SelectSingelNode returns null

Topics: User Forum
Jan 21, 2012 at 2:39 PM

Hello, I'm a beginner in using HtmlAgilityPack and XPath.

I have download and install the Pack and the Pack Tester. Using the Tester I have gotten an XPath.

 

My problem is that in my code (see below) SelectSingleNode will always return null when using the xpath that I got from the Tester!

I have tried it in HAP Testbed v 1.1 and it works there so what am I doing wrong?

The code below should set result to "1960"

// Anders

HtmlWeb hw = new HtmlWeb();
HtmlAgilityPack.HtmlDocument doc = hw.Load("http://allmusic.com/artist/buddy-emmons-p631/credits");
string xpath = "/html[1]/body[1]/div[1]/div[5]/div[1]/div[1]/div[3]/table[1]/tr[7]/td[1]";
HtmlNode htmlnode = doc.DocumentNode.SelectSingleNode(xpath);
if (htmlnode != null)
{ 
result = htmlnode.InnerText;
}
Jan 21, 2012 at 8:38 PM

Ok, I have found the problem!

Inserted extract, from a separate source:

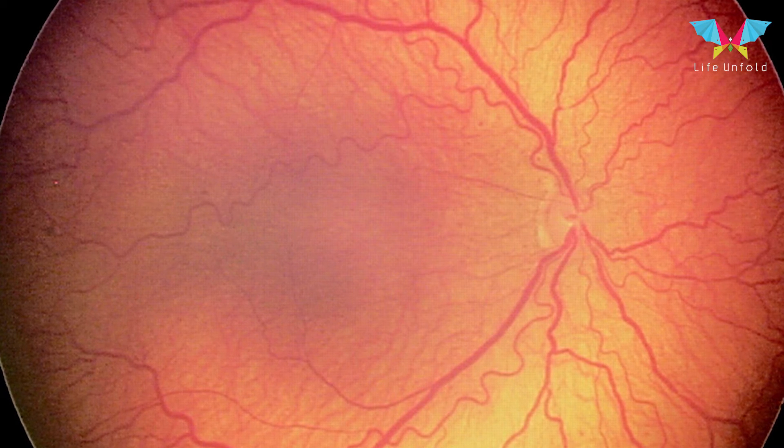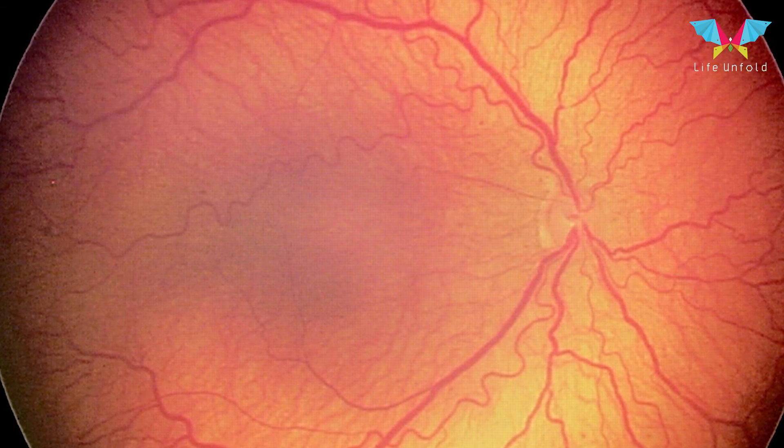Treatment is laser photocoagulation, and this can be done in the nursery setting itself. It is done in a single or two sittings where the entire retina is lasered with a special light, and then you follow up the child. There are some cases who may have retinopathy of prematurity but do not require treatment — they just require regular monitoring by the eye specialist. If at any time laser has to be done, it should be done at the appropriate time.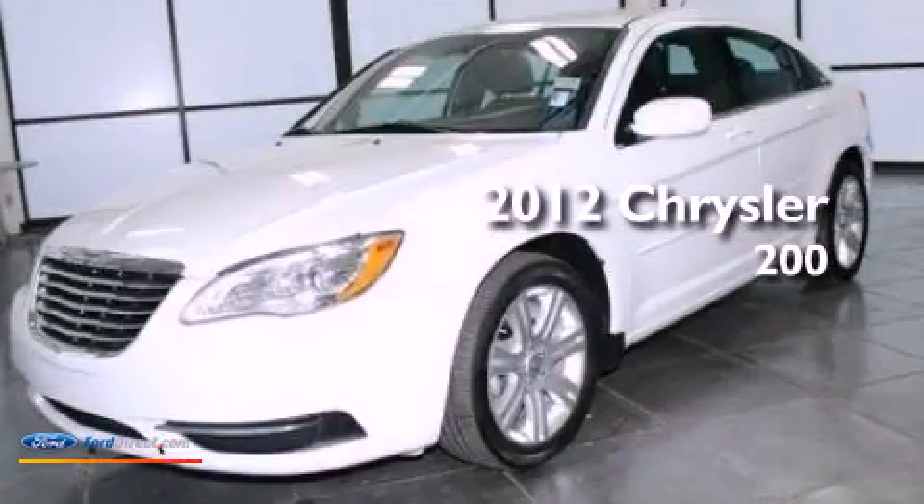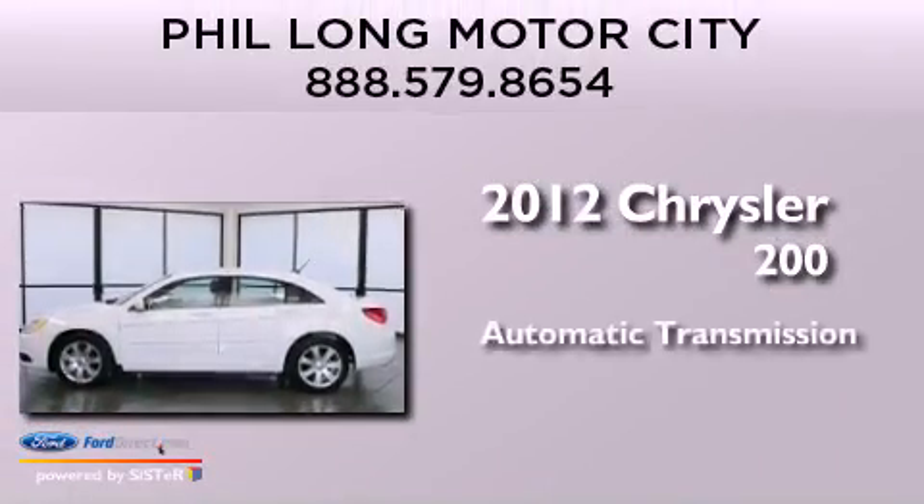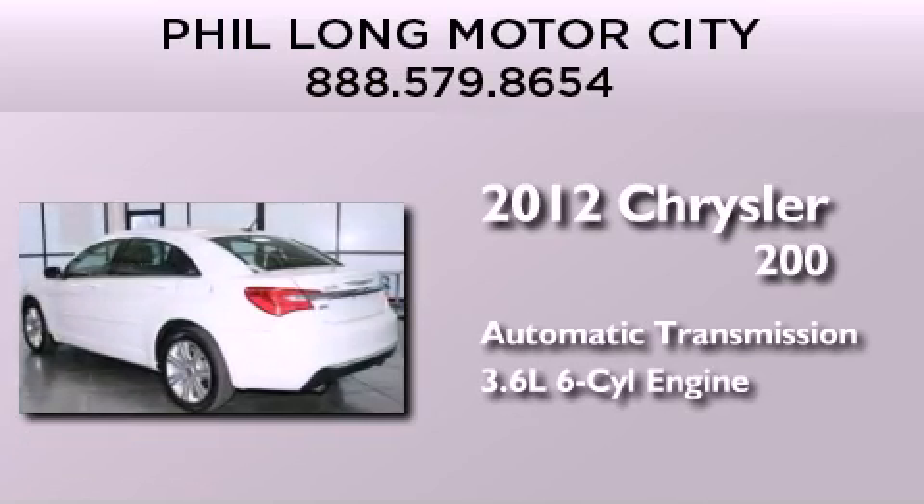This is a 2012 Chrysler 200. This car has an automatic transmission and a 3.6 liter V6.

This time it wasn't me!!!

I have installed HtmlAgilityPack via NuGet and it installed version 1.4.3

This version has an error when handling tables!

<!DOCTYPE html PUBLIC "-//W3C//DTD HTML 3.2//EN">
<html> 
<head>   
<title>hap test table</title> 
</head> 
<body>   
<table>     
<tr>       
<td>foo</td>       
<td>bar</td>     
</tr>   
</table> 
</body>
</html>

becomes

<!DOCTYPE html PUBLIC "-//W3C//DTD HTML 3.2//EN">
<html> 
<head>   
<title>hap test table</title> 
</head> 
<body>   
<table>     
<tr>       
<td>foo               
<td>bar
          </td></td></tr></table> 
</body>
</html>

If I go back to version 1.4.0 then it works like it should...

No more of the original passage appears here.